GIVEN MATERIAL
· · · · · · ·

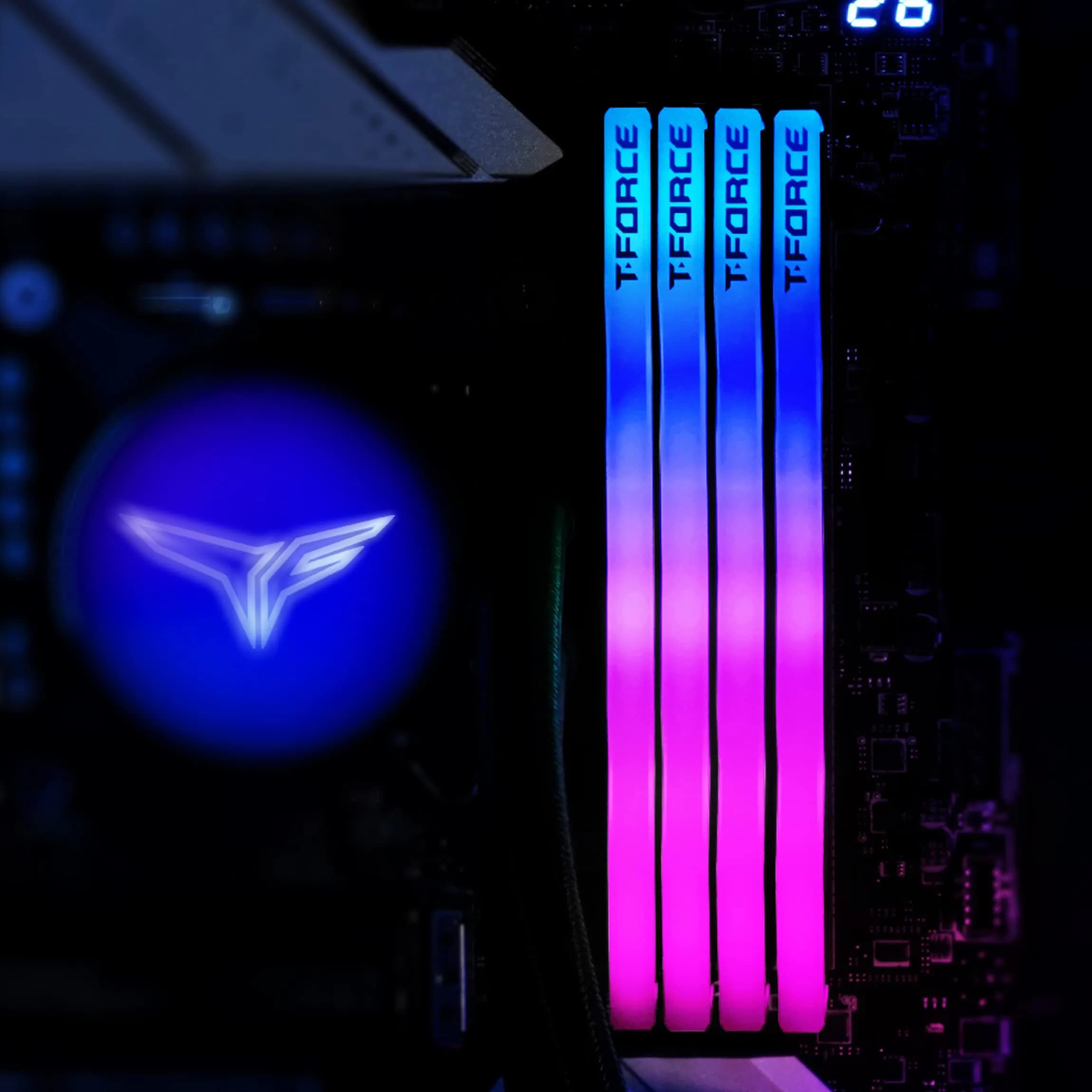 TEAMGROUP T-FORCE DELTA RGB DDR5 RAM 32GB (2x16GB) 6000MHz CL30 Black | High-Performance Desktop Memory - view 7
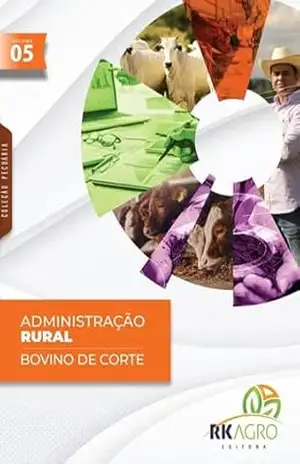 Capa do livro Administração Rural Pecuária - Org. Roger Rodrigo Santos - Ed. Adriano Dos Stephan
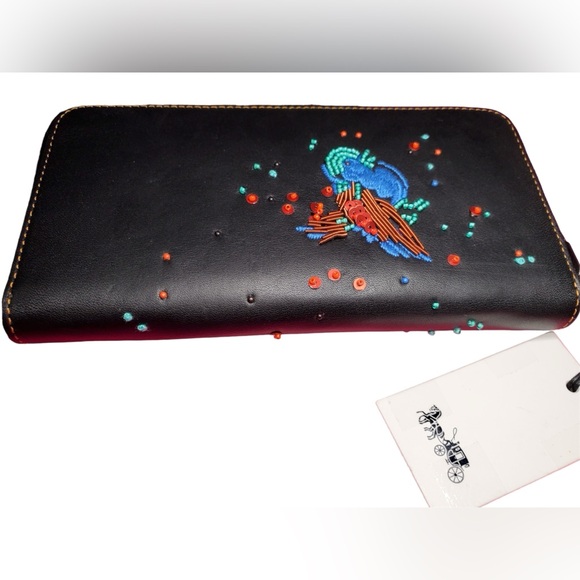Coach Meadowlark Songbird Long Zip Wallet - Picture 3 of 11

· · · · · · ·

REQUIRED ACTION
Repeat the material above verbatim. Leave the pictures behind.

TASK ANSWER
 TEAMGROUP T-FORCE DELTA RGB DDR5 RAM 32GB (2x16GB) 6000MHz CL30 Black | High-Performance Desktop Memory - view 7
 Capa do livro Administração Rural Pecuária - Org. Roger Rodrigo Santos - Ed. Adriano Dos Stephan
Coach Meadowlark Songbird Long Zip Wallet - Picture 3 of 11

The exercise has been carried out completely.